I am glad to be a part of people who love their babies and share that love & knowledge w/others of like-mind. 
And April, I am looking foward to meeting you in Hilton Head! not to forget Rose & Lily! And Kitzi says "I would never forget those two!"


----------



## uniquelovdolce (Mar 10, 2010)

oh april i know exactly what you mean as i ditto everything u have said !!!! happy 1 yr anniversary to u , rose & lily !!!!! love u guys .. 
dolce sens special kissies to lily !


----------



## Lacie's Mom (Oct 11, 2006)

April -- I'm so glad that you, precious Lily and sweet Rose found SM and joined in our fun and craziness. We love having you as a friend, contributor and member of our SM family. Truly can't believe it's ONLY been a year. 

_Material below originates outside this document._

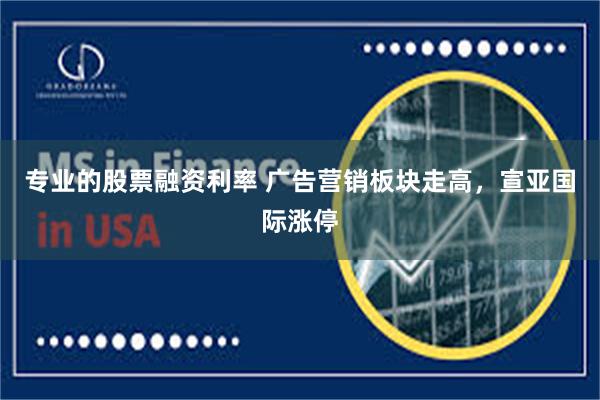 专业的股票融资利率 广告营销板块走高，宣亚国际涨停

And I whole heartedly agree with all that you said in your op.


----------



## aprilb (Jul 9, 2010)

@ Paula, Sylvia, Audrey, Maureen, Sandi, Liza, and Lynn-thank you so much my sweet friends. God bless you all.:sLo_grouphug3:


----------



## donnad (Aug 22, 2006)

Happy Anniversary to you and your beautiful girls!


----------



## Katkoota (Feb 18, 2006)

Happy Anniversary April, Lily and Rose :wub: I am happy that you found SM =) It has been great having you as a member in SM ^_^ and looking forward to seeing more of the girls :wub:


----------



## aprilb (Jul 9, 2010)

Thank you Kat and Donna!:wub::wub::wub:


----------



## Bailey&Me (Mar 8, 2010)

April, I feel the same way about finding SM...it's been about a year for Bailey and I too! I'm really looking forward to actually getting my own maltese one of these days! 

I'm glad you, Rose and Lily are on SM!!


----------



## mfa (Oct 5, 2009)

happy 1 year April, Rose, and Lily!:aktion033::aktion033::aktion033:


----------